暗にまた春高で戦いましょうと伝えると、試合中を彷彿とさせる好戦的な笑みを向けられた。
ここ最近の稲荷崎の勢いはすごくて飯綱くんも年々強くなってるって言っていた。ハンカチは別に返ってこなくてもいいけど、春高でまた会える確率は高いだろう。

「みょうじさん」
「!?」

私の名前を呼んだのが佐久早くんの声だと脳が瞬時に判断して、無意識に背筋が伸びた。

「集合っす」
「あ、うん!わざわざごめんね」
「……」

振り返ればやっぱり佐久早くんがいて、らしくない大声に違和感を感じた。気付けば集合時間の10分前で、私のルーズさが佐久早くんの怒りを買ってしまったのかと猛反省する。
鼻血の件は解決したし、もうこの場を離れても大丈夫だろう。宮侑くんを見上げるとさっきの好戦的な笑みが一転、人懐こい笑みに変わっていた。

「センパイ、ほんまありがとうございます〜」
「え? あ、いえいえ」

おどおどする私の手をニコニコ顔の宮侑くんが取って、ぎゅうっと握られた。急に距離感を詰められて戸惑ってしまう。元々はこういう性格なんだろうか。

「じゃあ、また春高で」
「はーい!」

そんなことよりも佐久早くんの視線が怖い。おそらく佐久早くんは宮侑くんのことを苦手というかあまり良く思っていないと思う。佐久早くんとは真逆のタイプだし、プレー中も煽るような言動が多い。去っていく宮侑くんの後ろ姿を睨む佐久早くんの眉間には皺が刻まれていた。

「アイツのこと知ってんすか。

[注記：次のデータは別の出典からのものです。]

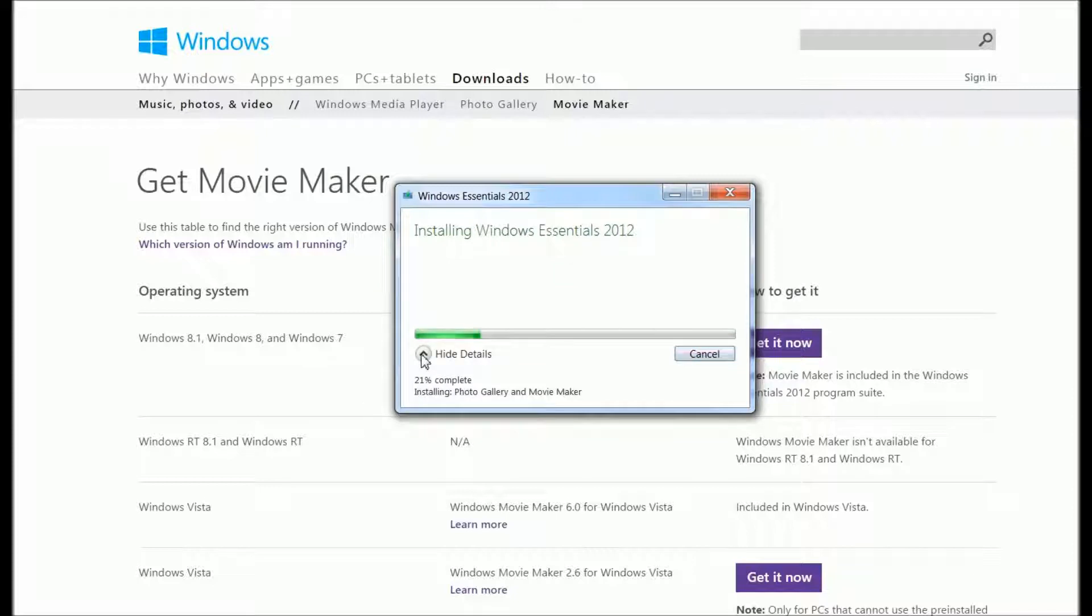You can click on 'View Details' to see how far you are from finishing this process.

何でハンカチ渡してたんですか」
「え? 試合してるし……鼻血出してたから……」
「……」

眉間に皺が寄ったままの顔で詰め寄られて思わず一歩下がる。私が宮侑くんのことを知っていてハンカチを渡すことの何が気に食わないんだろうか。

「手、出してください」
「?」

言われるがままおずおずと掌を差し出すと、ササッと除菌スプレーかけられた。私が両手に馴染ませたのを見て佐久早くんは何やら満足げだ。佐久早くんの綺麗好きのセンサーに何かが引っかかっていただけなのかな。

「……嫌味とか、言われてないすか」
「えっ? 大丈夫だよ」

顔をじっと見られて、泣いてたのがバレたんじゃないかと焦った。選手達を差し置いてマネージャーが号泣してたなんてかっこ悪いし知られたくない。

「い、行こっか」
「はい」

ただ、私が宮侑くんに泣かされたんじゃないかって心配してくれてるんだとしたら嬉しいと思った。